Our first cohort of Bridge Fellows advanced powerful projects to improve outcomes for Black and Latino boys, so we knew when it came time to select our next group, the bar would be high. Fortunately, this year’s applicants didn’t disappoint.
Today, we’re excited to introduce Jonathan Santos Silva and Christine Nieves as the 2019 Bridge Fellows. During their year with TNTP, which begins in January, they’ll work on projects to help more students of color thrive in school—and in life.
We’ll share updates on their work over the next year, but in the meantime, here’s a glimpse at who they are and what they plan to accomplish:
Christine Nieves, Humacao, Puerto Rico
Originally from Puerto Rico, Christine has dedicated her life to “finding and healing the root cause of systemic violence, pain, and abuse that is self-reinforcing and inhibits our maximum manifestations of human ingenuity, possibility, and compassion.” Working to make this goal a reality, she became a public service TV show host in 2009, focusing on keeping underserved Spanish-speaking communities informed. In 2011, she earned a Master of Science in Evidence-Based Social Intervention at Oxford University, where she discovered a passion for education.
After taking students on a research trip to Puerto Rico and seeing them fall in love with the island, Christine realized her home was calling her. She moved back exactly nine months before Hurricane Maria hit. Co-running a community kitchen in Mariana following the storm, Christine saw “what is at stake for humanity in the absence of bridges that allow us to share wisdom from one generation to the next—and together prepare ourselves for extreme weather events.”
As a Bridge Fellow, Christine will continue working with the community in Mariana to transform an abandoned school building into a sustainable, youth-led community center where students will engage in project-based learning and design solutions to the local challenges caused by climate change. “I have a village backing me up who is ready to take this on with me because we don’t want our children to ever endure the same suffering we did,” says Christine.
We look forward to working with Christine to learn how the education field can better prepare for the growing instances of natural and human-made disasters affecting students, schools, and communities.
Jonathan Santos Silva, Rapid City, South Dakota
“A principal cannot command or direct a school to excellence; it takes vision, partnership, drive, and a healthy dose of humility to go with all of the times you will get things wrong,” says Jonathan.
A career educator and former founding head of a school, Jonathan understands how challenging—yet rewarding—it is to achieve excellence in education.

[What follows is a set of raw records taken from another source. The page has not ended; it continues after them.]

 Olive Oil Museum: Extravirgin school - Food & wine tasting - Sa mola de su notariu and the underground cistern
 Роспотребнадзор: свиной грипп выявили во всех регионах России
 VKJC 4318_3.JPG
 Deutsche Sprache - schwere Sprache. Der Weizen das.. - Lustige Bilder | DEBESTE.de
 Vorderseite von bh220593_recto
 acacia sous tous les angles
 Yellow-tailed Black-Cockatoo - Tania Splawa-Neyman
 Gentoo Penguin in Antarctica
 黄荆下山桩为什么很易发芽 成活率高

He taught math in South Dakota for two years before pursuing his Master's in Education Administration at the University of South Dakota. Since graduating, he has worked across education championing equity and high standards for Indigenous students.
Currently, Jonathan supports Indigenous school leaders in launching and transforming schools that will better serve Indigenous youth in Pine Ridge, Rosebud, and Standing Rock.

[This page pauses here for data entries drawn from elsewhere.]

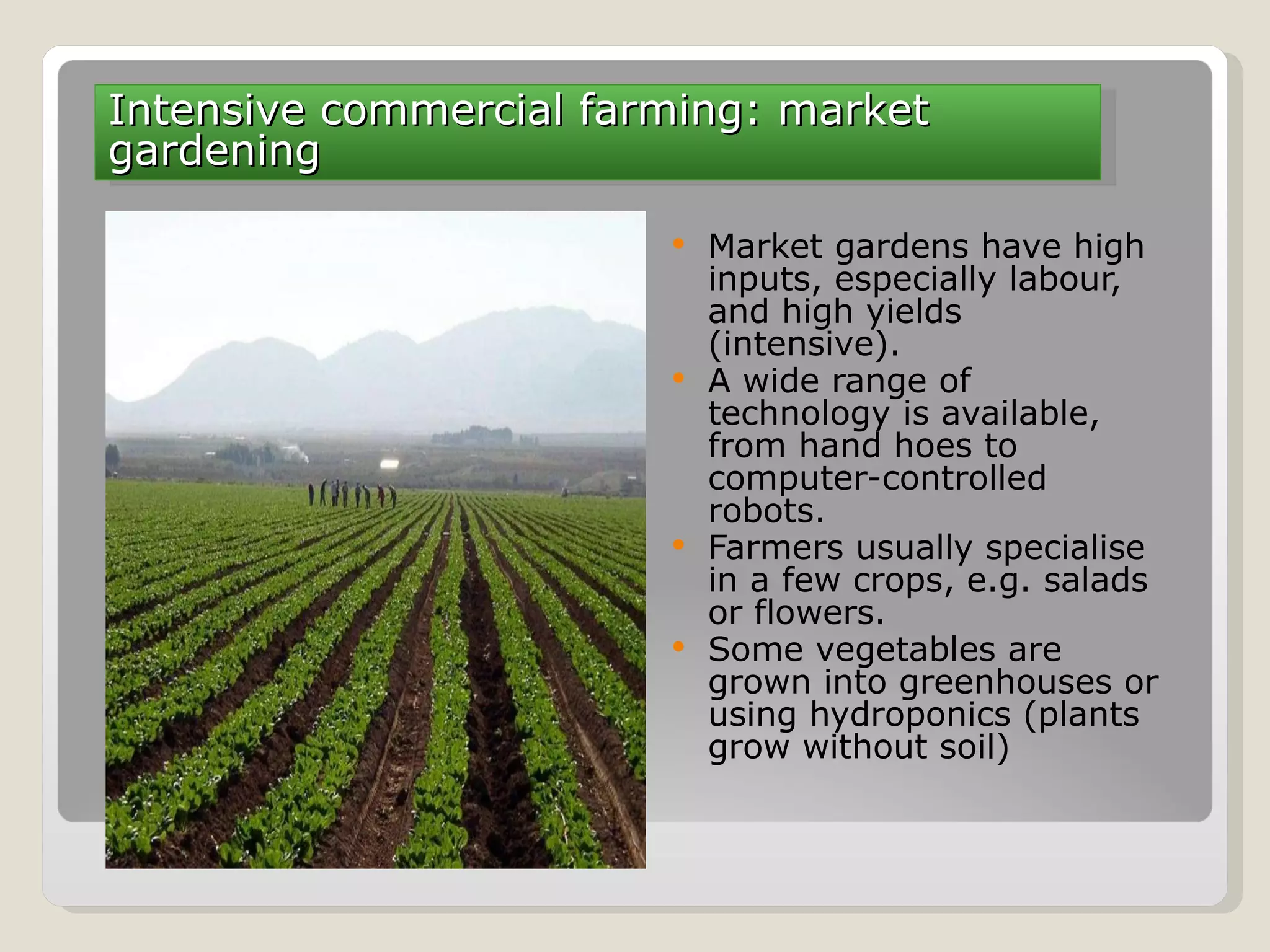 3.3.Market gardening Market gardens have high inputs, especially labour, and high yields (intensive). A wide range of technology is available, from hand hoes to computer-controlled robots. Farmers usually specialise in a few crops, e.g. salads or flowers. Some vegetables are grown into greenhouses or using hydroponics (plants grow without soil) Intensive commercial farming: market gardening 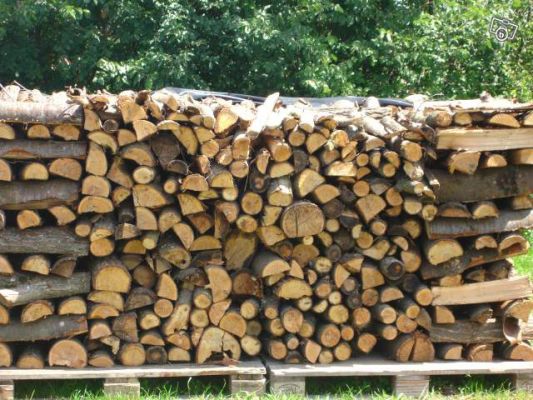 Obtenir du bois de chauffage livré rapidement à votre domicile dans le médoc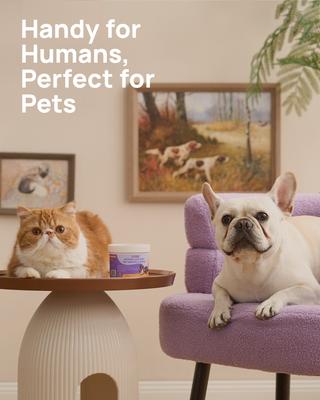 Show full view: HICC PET Hypoallergenic Wrinkle Dog Grooming Wipes, 100 count slide 6 of 7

“Indigenous communities in South Dakota need educational proof-points, and they need them yesterday,” says Jonathan. “By virtually every known indicator, Indigenous children in South Dakota (and across the country) perform at rates far below their peers in reading, math, and graduation.”

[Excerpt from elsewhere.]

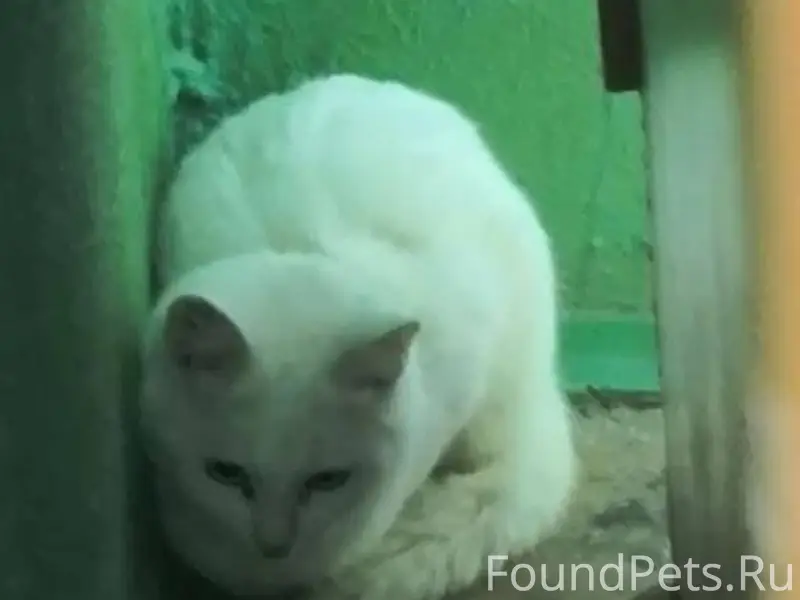 Найдена кошка или кот. Вторую ...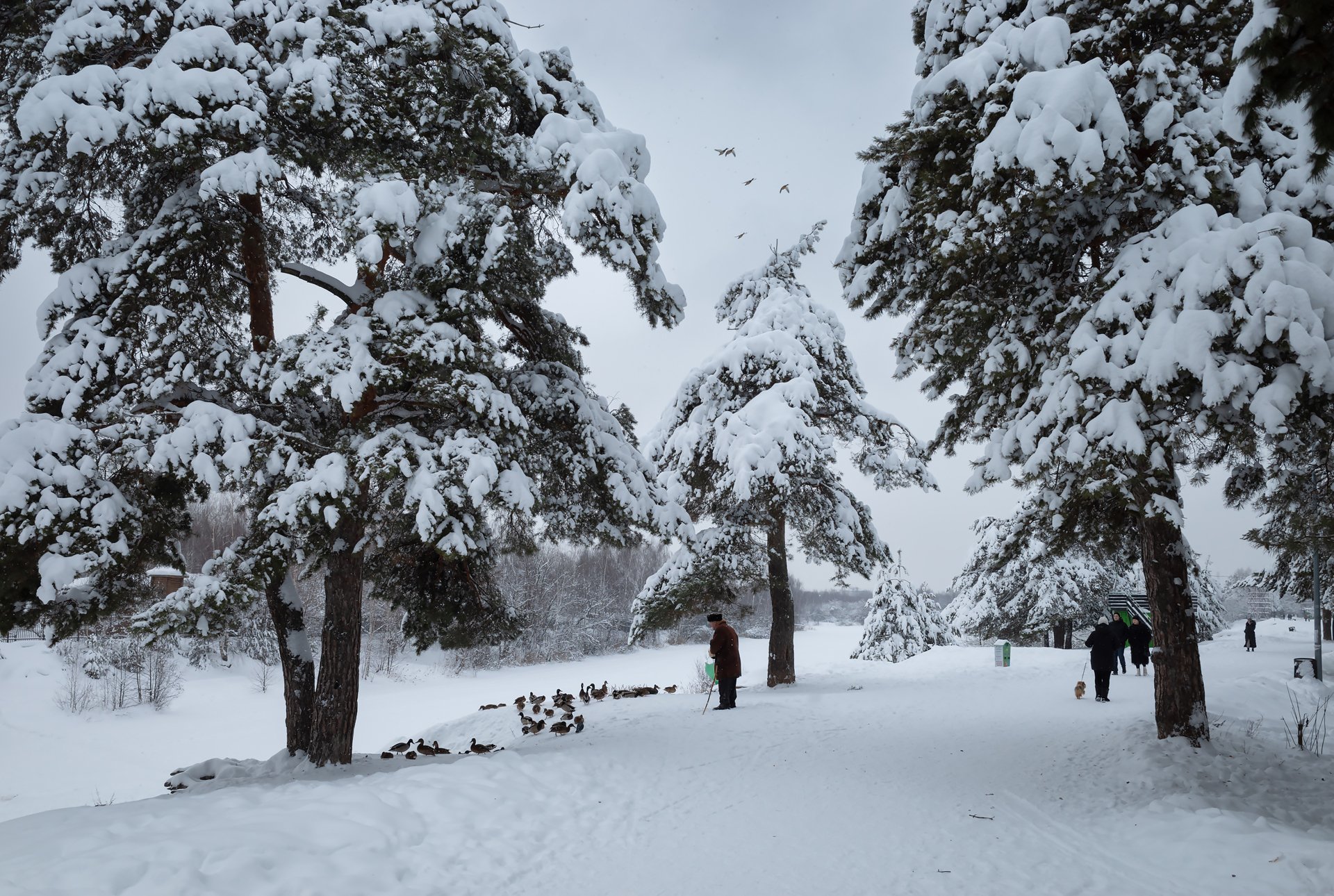 Зима в парке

As a Bridge Fellow, Jonathan plans on addressing the lack of proof-point schools. He’ll spend the year building a transformational leadership institute that will prepare culturally responsive educators and bring students, families, and communities together to incubate ideas for disrupting the educational inequities Indigenous kids currently experience. We hope Jonathan’s project will give us new insights and a fresh perspective on how to prepare school leaders who can simultaneously prioritize cultural relevance and rigorous, data-driven instruction.